Extracted records:
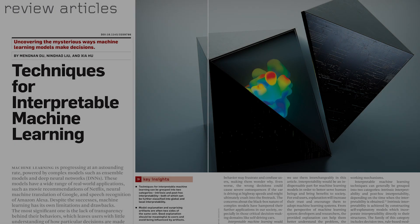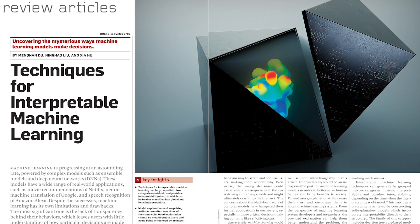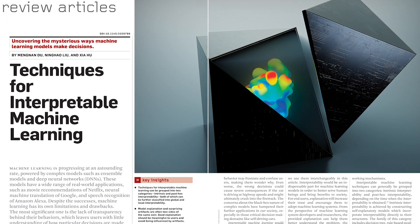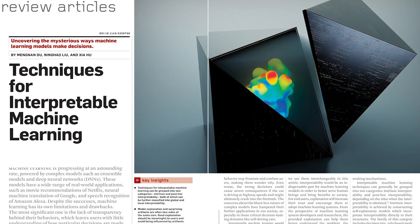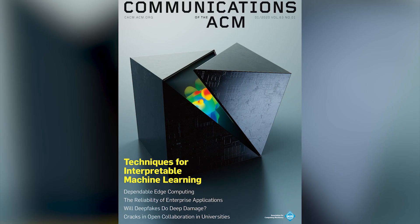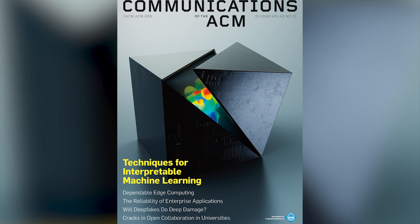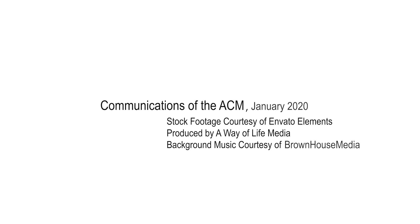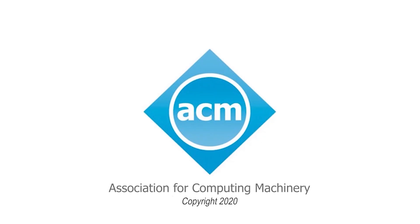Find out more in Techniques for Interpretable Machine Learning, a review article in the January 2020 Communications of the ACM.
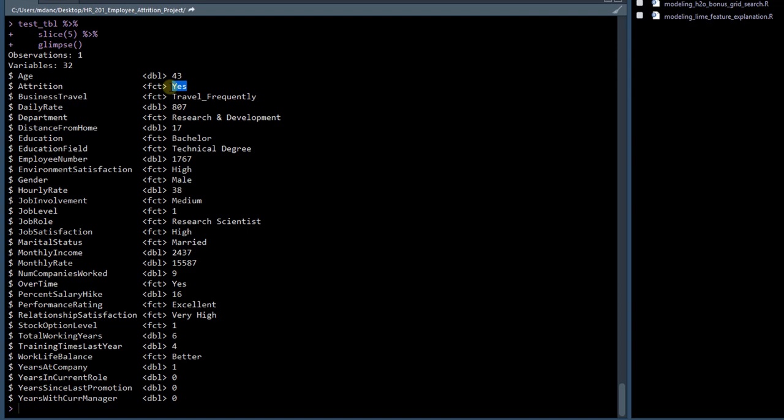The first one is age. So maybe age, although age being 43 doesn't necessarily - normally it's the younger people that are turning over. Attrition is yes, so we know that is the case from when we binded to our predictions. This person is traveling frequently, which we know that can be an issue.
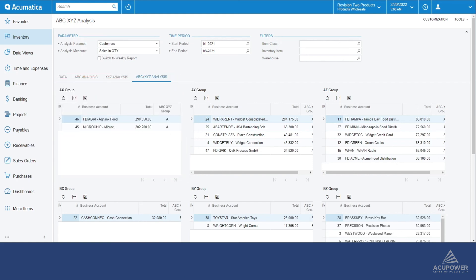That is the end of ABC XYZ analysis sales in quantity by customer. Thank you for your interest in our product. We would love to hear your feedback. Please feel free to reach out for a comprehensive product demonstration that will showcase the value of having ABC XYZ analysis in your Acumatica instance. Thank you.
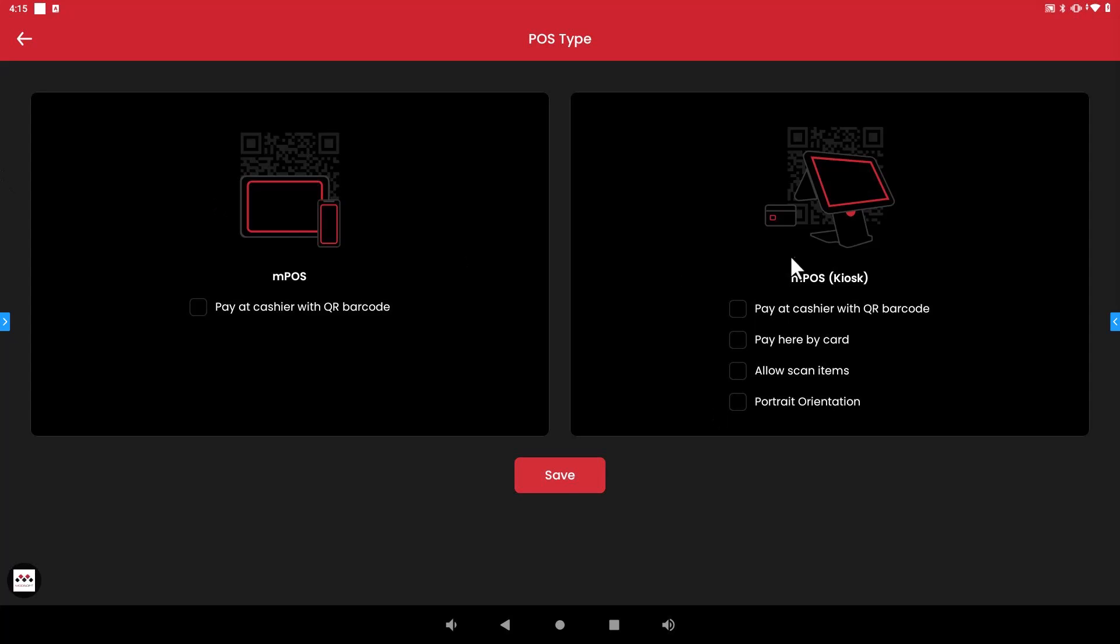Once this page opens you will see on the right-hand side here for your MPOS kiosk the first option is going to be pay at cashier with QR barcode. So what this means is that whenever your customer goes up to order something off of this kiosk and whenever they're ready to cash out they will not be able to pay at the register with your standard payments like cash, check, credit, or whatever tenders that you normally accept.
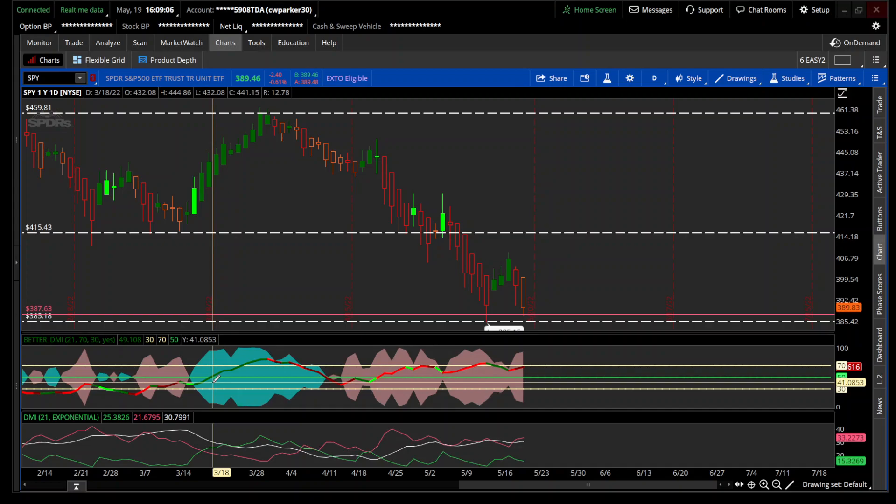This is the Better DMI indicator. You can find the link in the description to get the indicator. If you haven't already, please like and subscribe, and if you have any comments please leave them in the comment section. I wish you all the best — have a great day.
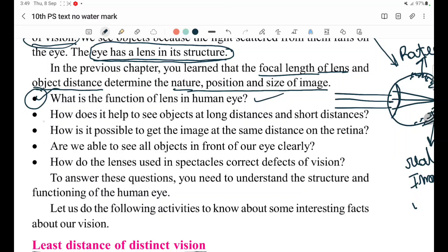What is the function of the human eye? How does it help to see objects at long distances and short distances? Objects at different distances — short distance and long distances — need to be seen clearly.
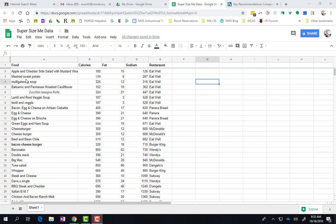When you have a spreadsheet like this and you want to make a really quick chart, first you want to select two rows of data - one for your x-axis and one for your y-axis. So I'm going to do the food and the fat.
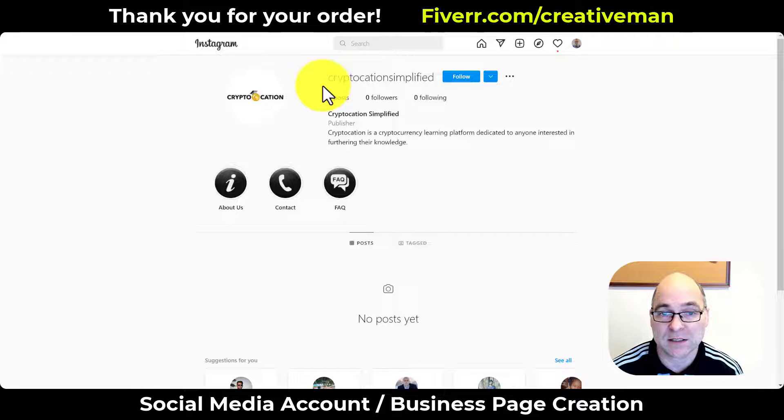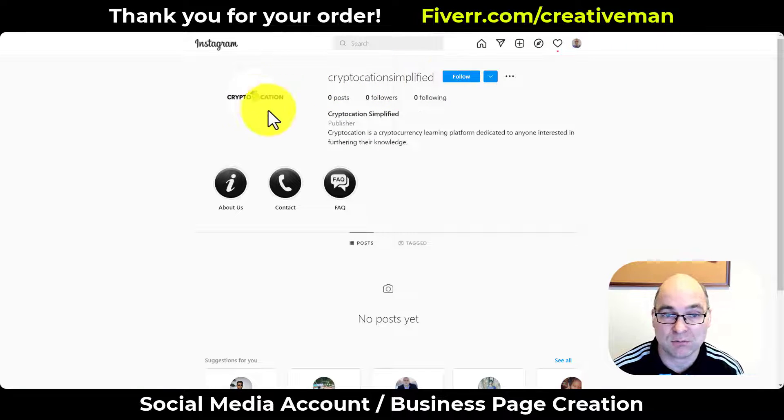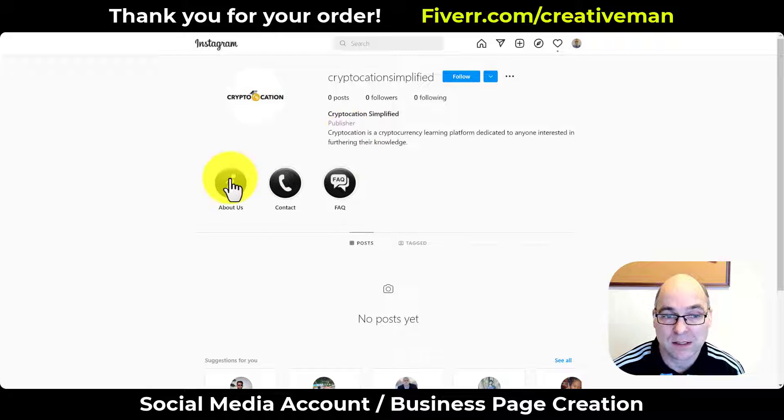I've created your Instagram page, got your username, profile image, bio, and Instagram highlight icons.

Problem: A word-for-word copy of the records is needed, with no pictures carried over.

Solution to the exercise:
Find out more in Techniques for Interpretable Machine Learning, a review article in the January 2020 Communications of the ACM.
The first one is age. So maybe age, although age being 43 doesn't necessarily - normally it's the younger people that are turning over. Attrition is yes, so we know that is the case from when we binded to our predictions. This person is traveling frequently, which we know that can be an issue.
That is the end of ABC XYZ analysis sales in quantity by customer. Thank you for your interest in our product. We would love to hear your feedback. Please feel free to reach out for a comprehensive product demonstration that will showcase the value of having ABC XYZ analysis in your Acumatica instance. Thank you.
Once this page opens you will see on the right-hand side here for your MPOS kiosk the first option is going to be pay at cashier with QR barcode. So what this means is that whenever your customer goes up to order something off of this kiosk and whenever they're ready to cash out they will not be able to pay at the register with your standard payments like cash, check, credit, or whatever tenders that you normally accept.
This is the Better DMI indicator. You can find the link in the description to get the indicator. If you haven't already, please like and subscribe, and if you have any comments please leave them in the comment section. I wish you all the best — have a great day.
What is the function of the human eye? How does it help to see objects at long distances and short distances? Objects at different distances — short distance and long distances — need to be seen clearly.
When you have a spreadsheet like this and you want to make a really quick chart, first you want to select two rows of data - one for your x-axis and one for your y-axis. So I'm going to do the food and the fat.
I've created your Instagram page, got your username, profile image, bio, and Instagram highlight icons.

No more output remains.